In Re Quaker City Uniform Company, 134 F. Supp. 596 (E.D. Pa. 1955)

U.S. District Court for the Eastern District of Pennsylvania - 134 F. Supp. 596 (E.D. Pa. 1955)
September 7, 1955

134 F. Supp. 596 (1955)

In the Matter of QUAKER CITY UNIFORM COMPANY, Inc., Bankrupt.

No. 23857.

United States District Court E. D. Pennsylvania.

September 7, 1955.

*597 Freedman, Landy & Lorry, Philadelphia, Pa., for Daniel P. Veloric.

William M. Keenan, Pepper, Bodine, Frick, Scheetz & Hamilton, Philadelphia, Pa., for Fidelity-Phila. Trust Co.

Verlin & Goldberg, Philadelphia, Pa., for College Hall Fashions and Synthetic Specialists, Inc.

Markovitz, Stern & Shusterman, Philadelphia, Pa., for Delsea Corp.

KIRKPATRICK, Chief Judge.

This is a contest in which the trustee in bankruptcy is not interested. It is between a chattel mortgagee holding a valid lien and a landlord who distrained for rent prior to the bankruptcy but did not sell. By agreement, the mortgaged property was sold and the proceeds substituted. If bankruptcy had not intervened, the controversy could hardly have arisen, because the law of Pennsylvania clearly subjects the interest of the chattel mortgagee to the lien of the landlord's levy. The chattel mortgagee concedes as much, but argues that the Bankruptcy Act nullifies the landlord's preferred status as against him. Sections 64, sub. a, 11 U.S.C.A. § 104, sub. a and 67, sub. c, 11 U.S.C.A. § 107, sub. c, of the Act provide that in the distribution of the estate a landlord's lien shall be postponed to costs of administration, wages and taxes, all of which admittedly come after valid liens such as this chattel mortgage. Of course, it can be said properly enough that the Bankruptcy Act governs and that it was within the power of Congress to accomplish the result contended for by the chattel mortgagee, inasmuch as the legal title to the mortgaged chattels remained in the bankrupt at all times, the mortgage under the law of Pennsylvania being in the nature of a pledge rather than a conveyance. Whether Congress did so or intended to do so is the question in this case.
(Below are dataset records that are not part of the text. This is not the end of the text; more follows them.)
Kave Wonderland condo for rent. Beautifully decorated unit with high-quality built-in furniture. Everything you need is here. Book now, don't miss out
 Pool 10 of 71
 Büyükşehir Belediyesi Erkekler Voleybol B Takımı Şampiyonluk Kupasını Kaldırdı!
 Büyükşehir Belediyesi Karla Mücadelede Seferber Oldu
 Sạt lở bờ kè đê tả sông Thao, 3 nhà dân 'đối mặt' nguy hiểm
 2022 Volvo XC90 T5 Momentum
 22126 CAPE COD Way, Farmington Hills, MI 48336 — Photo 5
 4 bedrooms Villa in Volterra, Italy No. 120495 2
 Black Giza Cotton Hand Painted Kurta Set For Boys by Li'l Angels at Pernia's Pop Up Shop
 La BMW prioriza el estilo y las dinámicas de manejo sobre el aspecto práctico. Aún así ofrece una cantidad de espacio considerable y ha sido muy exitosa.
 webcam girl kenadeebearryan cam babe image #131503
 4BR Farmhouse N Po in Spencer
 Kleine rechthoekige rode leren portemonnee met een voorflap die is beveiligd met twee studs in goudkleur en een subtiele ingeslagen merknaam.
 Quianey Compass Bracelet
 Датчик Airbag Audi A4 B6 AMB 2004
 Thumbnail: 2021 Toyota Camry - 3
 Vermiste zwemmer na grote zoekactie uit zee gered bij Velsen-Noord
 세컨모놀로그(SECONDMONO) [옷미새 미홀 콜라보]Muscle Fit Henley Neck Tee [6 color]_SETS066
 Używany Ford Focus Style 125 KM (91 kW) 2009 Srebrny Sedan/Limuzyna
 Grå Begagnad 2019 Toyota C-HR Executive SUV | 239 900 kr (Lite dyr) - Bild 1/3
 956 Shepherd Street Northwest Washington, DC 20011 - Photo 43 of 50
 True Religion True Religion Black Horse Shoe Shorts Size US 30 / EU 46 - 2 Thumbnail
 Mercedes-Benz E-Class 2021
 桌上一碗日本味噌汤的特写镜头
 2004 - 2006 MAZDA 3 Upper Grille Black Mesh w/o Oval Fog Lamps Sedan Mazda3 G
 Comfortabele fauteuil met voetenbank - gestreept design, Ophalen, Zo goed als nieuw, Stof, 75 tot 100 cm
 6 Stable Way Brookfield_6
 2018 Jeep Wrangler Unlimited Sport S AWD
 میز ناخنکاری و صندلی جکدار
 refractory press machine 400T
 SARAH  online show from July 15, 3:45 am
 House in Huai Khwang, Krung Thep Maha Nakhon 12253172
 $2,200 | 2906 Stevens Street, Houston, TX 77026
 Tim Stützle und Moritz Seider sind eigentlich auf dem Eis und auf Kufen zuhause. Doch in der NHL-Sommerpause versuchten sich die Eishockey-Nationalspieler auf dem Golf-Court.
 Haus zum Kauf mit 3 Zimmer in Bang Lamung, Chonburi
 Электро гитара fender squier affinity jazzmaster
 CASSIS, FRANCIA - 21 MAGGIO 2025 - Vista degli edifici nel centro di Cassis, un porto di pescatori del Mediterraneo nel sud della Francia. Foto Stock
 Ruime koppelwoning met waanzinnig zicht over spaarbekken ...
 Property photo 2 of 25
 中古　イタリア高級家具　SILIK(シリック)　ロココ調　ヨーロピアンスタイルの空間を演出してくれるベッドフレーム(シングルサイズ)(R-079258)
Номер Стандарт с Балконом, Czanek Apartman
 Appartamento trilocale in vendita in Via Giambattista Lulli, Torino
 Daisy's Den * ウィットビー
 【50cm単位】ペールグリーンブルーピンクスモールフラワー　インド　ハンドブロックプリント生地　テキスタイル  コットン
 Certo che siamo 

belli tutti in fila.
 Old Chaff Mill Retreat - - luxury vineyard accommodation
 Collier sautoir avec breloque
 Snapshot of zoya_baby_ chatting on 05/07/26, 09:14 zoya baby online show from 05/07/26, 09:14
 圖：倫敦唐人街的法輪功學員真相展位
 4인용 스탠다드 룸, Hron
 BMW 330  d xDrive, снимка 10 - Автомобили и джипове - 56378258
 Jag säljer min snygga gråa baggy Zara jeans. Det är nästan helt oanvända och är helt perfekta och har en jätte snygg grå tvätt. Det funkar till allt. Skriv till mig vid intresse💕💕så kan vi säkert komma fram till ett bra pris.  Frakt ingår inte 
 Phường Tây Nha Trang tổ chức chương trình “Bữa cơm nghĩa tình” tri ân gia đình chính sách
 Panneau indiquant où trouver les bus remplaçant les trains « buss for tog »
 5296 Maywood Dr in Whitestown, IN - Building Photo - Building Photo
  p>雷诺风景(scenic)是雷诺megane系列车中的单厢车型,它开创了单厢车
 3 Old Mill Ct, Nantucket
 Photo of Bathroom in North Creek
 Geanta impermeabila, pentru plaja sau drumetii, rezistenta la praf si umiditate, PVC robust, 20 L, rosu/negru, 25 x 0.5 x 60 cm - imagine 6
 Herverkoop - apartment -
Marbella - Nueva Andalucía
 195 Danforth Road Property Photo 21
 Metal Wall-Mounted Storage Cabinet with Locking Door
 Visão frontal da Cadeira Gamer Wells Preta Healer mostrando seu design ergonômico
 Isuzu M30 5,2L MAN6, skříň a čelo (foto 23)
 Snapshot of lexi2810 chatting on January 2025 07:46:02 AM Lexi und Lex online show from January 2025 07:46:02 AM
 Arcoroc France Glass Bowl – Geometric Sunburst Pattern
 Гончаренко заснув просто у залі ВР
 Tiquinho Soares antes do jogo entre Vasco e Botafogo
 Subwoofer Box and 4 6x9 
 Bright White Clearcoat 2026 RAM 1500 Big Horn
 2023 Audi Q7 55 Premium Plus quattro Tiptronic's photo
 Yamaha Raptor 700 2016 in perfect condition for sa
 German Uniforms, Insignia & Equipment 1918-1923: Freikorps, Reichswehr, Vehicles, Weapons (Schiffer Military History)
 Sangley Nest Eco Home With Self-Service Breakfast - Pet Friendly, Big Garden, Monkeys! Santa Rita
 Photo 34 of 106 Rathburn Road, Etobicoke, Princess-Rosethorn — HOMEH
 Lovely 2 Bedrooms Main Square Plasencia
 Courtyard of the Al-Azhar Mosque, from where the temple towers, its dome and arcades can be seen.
It will be noted that Section 64, sub. a of the Bankruptcy Act, 11 U. S.C.A. § 104, sub. a, establishes priorities in "bankrupt estates". The words "estate" and "bankrupt estates" in the Act mean the "unincumbered assets generally of a bankrupt, properly administerable in bankruptcy, as distinguished from property of the bankrupt dedicated by law to the payment of a particular obligation or upon which there is a specific lien." In re Menzies, D.C., 60 F.2d 1064, *598 1067. Regardless of where the bare legal title resided, the mortgaged property or in this case its proceeds, to the extent of the mortgagee's lien upon it, was not in any real sense a part of the bankrupt estate.

The question then is, Did Congress, by the Bankruptcy Act, mean to establish priorities in or to deal with property which formed no part of the assets administrable in bankruptcy? The answer clearly appears to be that it did not. Not only can no logical reason be assigned why Congress should undertake to upset state law by changing the relative standing of liens upon property whose disposition can in nowise affect the administration of the bankrupt's estate and in which general creditors have no interest whatever, but any such purpose would be contrary to the general policy of the Bankruptcy Act, which is to recognize property rights conferred by the state law, so far as is compatible with the administration of the bankrupt estate for the benefit of the creditors.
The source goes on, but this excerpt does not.